7. Did you ever want to hit yourself over the head for missing the (in hindsight) blindingly obvious? I’m looking at the right triangle created by the radius and the tangent and know the proportion I can set up with x and 10-x and all that, and I’m looking at things that *look* to be true and figure if I could prove those assumptions … and then realize that the hypotenuse has to be divided into 6 and 4 b/c the 2 tangents from the highest point of the triangle have to be 6.

8. Similar triangles works nicely to determine solution. Nice problem!

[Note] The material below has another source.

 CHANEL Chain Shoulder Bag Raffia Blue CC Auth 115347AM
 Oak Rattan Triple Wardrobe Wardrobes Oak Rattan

9. The picture shows half an inscribed circle. I would first draw the other half of both the circle and the triangle. Then use the formula for inscribed circles:
r = 2a / p where a is the area of the circle and p is the perimeter of the triangle. Doing that gives r = 3, which is the answer several other people gave. Hope that helps.

10. Let theta be the angle on the rhs,
theta=sin (6/10)
draw auxiliary line from origin of semicircle at right angles to line of length 10. This line is of length ‘r’
Observe that theta also equals sin (r/(8-r))
so 6/10=r/(8-r)
cross multiply
48-6r=10r
48=16r
r=3
Just realised that this is a roundabout way of using similar triangles!
🙂

11. Drawing the radius which is perpendicular to the 10 side forms a smaller triangle similar to the whole, in which one side is r, and the hypotenuse is 8-r. Comparing similar sides gives r/6 =(8-r)/10, which gives r=3. Nice problem.